## Given information
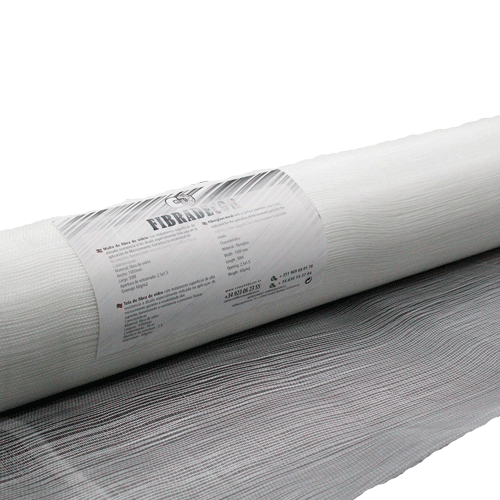 Fibra de vidrio para microcemento FibraDecor de CementDecor
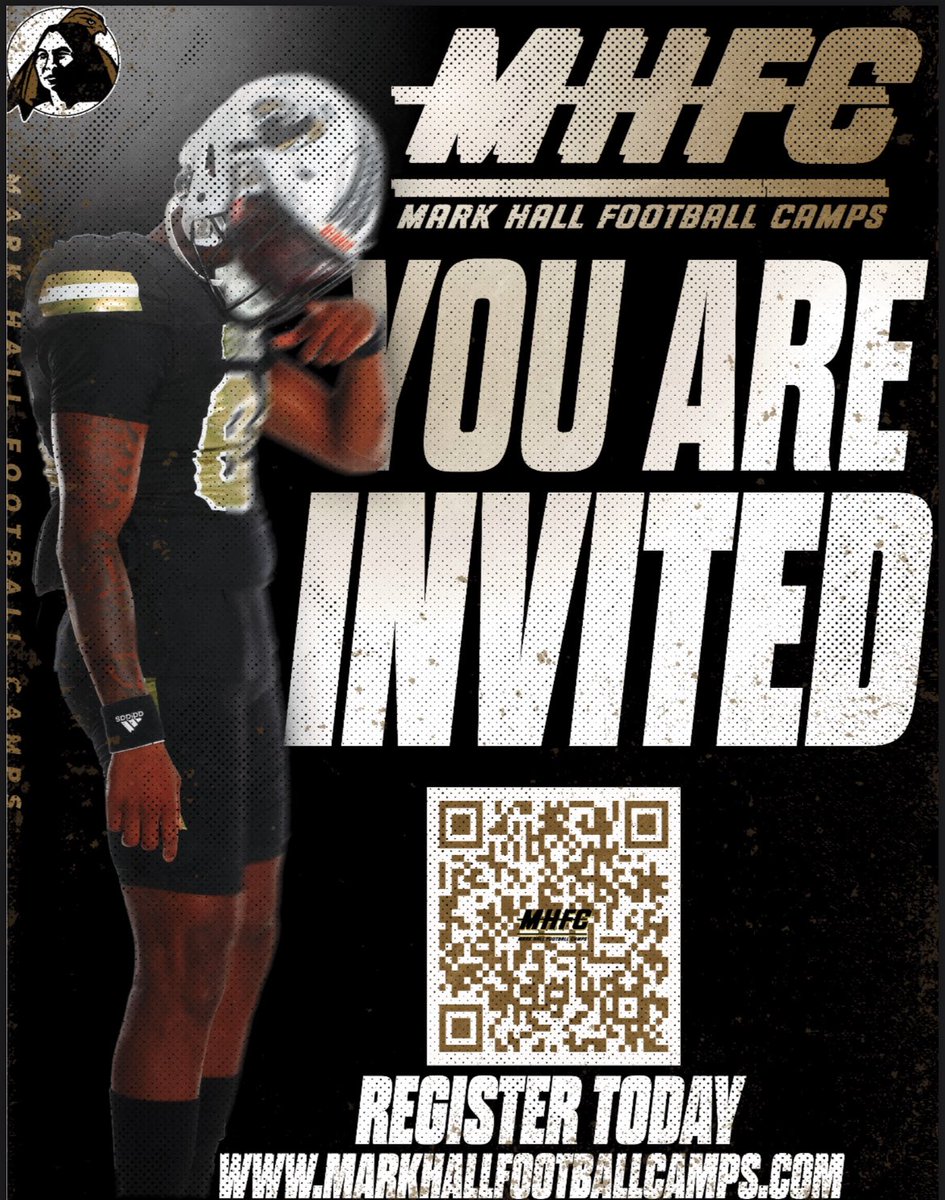 Blessed to receive a camp invitation to UNCP Football Florida Satellite Camp. <a href="/CoachJRiley_/">Jayden Riley</a>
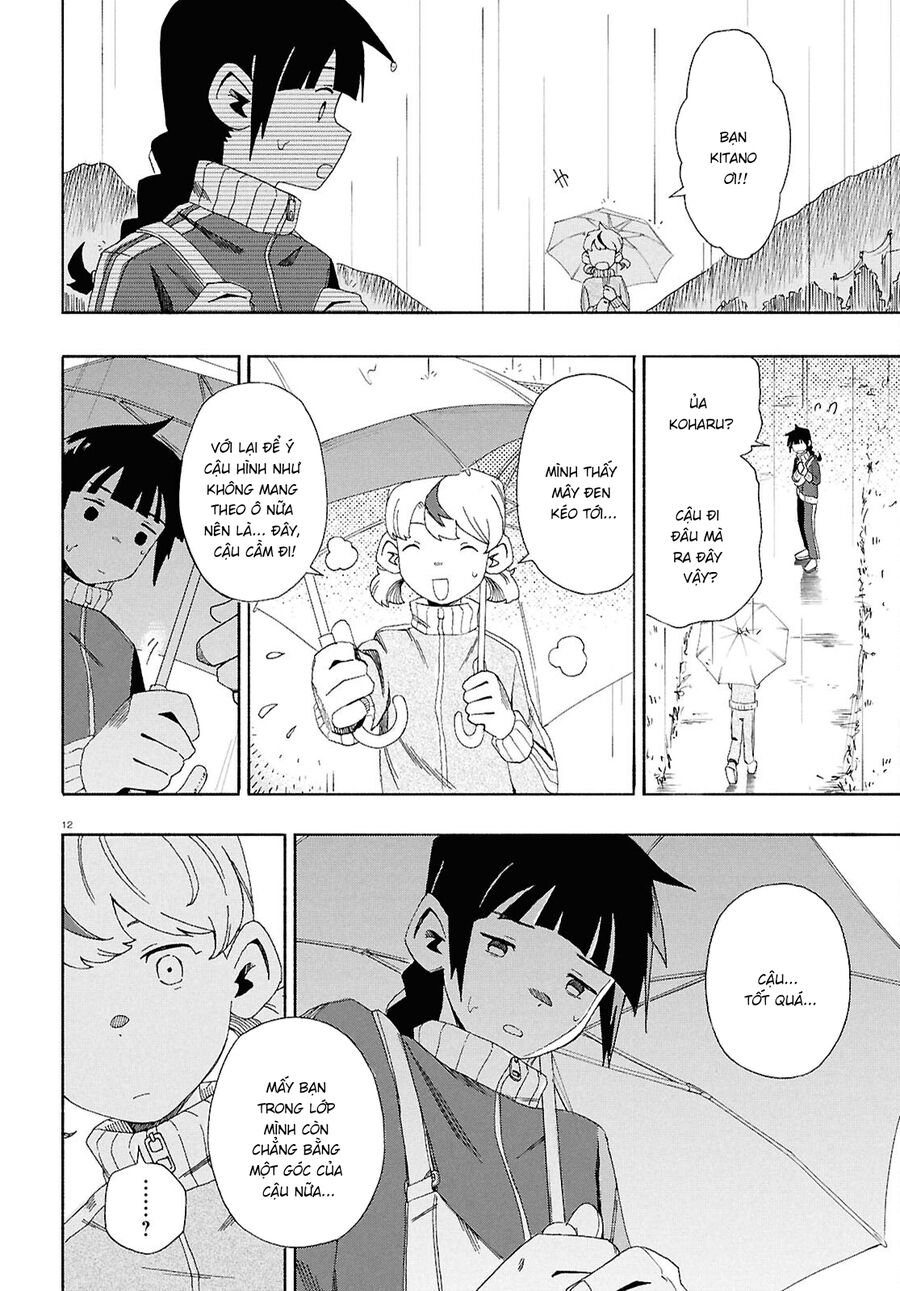 Love-Bullet Chapter 10 - Trang 2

## What you will do
Leave the pictures out and reproduce exactly the lines from the line with "Blessed to receive" to the end of the material above.

## Written response
 Blessed to receive a camp invitation to UNCP Football Florida Satellite Camp. <a href="/CoachJRiley_/">Jayden Riley</a>
 Love-Bullet Chapter 10 - Trang 2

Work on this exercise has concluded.